# I want to sell my photo project; how much should I charge?



## Melissa Royal (May 4, 2012)

Hello everyone,

I'm looking to sell a photo project and am not sure what to price it as.

The pictures are here: 4shared - project jess to jay - shared folder - free file sharing and storage
Each photo, aside from the definition, is 8"x10" and matted using 11"x14" matte board.

The photos were taken with a Minolta x700 using Arista 400 film. The prints were made on Ilford Multigrade RC IV paper.

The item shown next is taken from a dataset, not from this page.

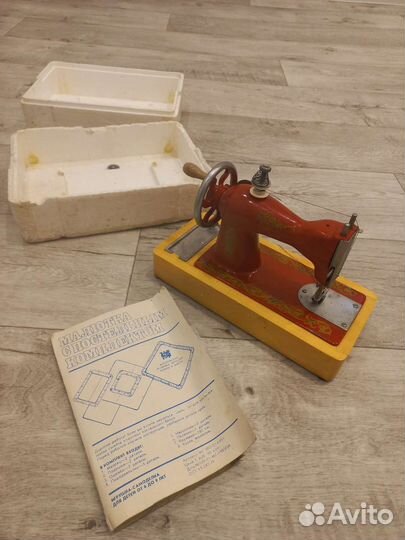 Малютка швейная машинка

I have thought about it and I think that to make each print (matte board included), I must have spent $10 to $12 ($5 to $6 for each matte board and roughly 80cents for the paper).
So selling each print at a price of around $12 does not sound unreasonable to me. However, I have to take into account the time and work I put into the project as well.
Being that there are 9 prints, would selling them for $15-$20 each be reasonable? I want to sell the project as a set. So that would make it $135-$180. Is asking for that much
too pricey?

I have never sold my work before and this is the first I'm going to try and sell. Again, I'm doing so as a set.
Aside from pricing, how do I make sure someone doesn't steal it and claim it as there own?
Should I sign the prints? 

My last question is, how much do I take in account for shipping? I'll be trying to sell this on eBay. I'm just wondering how much to add on for shipping.
What's the range for that? Again, there are 9 matted prints. They won't be shipping with frames. 

Thank you,
Rachael


----------



## CCericola (May 4, 2012)

You will need to sign them, number them if they are part of a series and you should get certificates of authenticity put on the back of each piece. You may not be famous now but you might be in the future and the cert of auth helps buyers and sellers appraise the set.


----------



## Melissa Royal (May 4, 2012)

CCericola said:


> You will need to sign them, number them if they are part of a series and you should get certificates of authenticity put on the back of each piece. You may not be famous now but you might be in the future and the cert of auth helps buyers and sellers appraise the set.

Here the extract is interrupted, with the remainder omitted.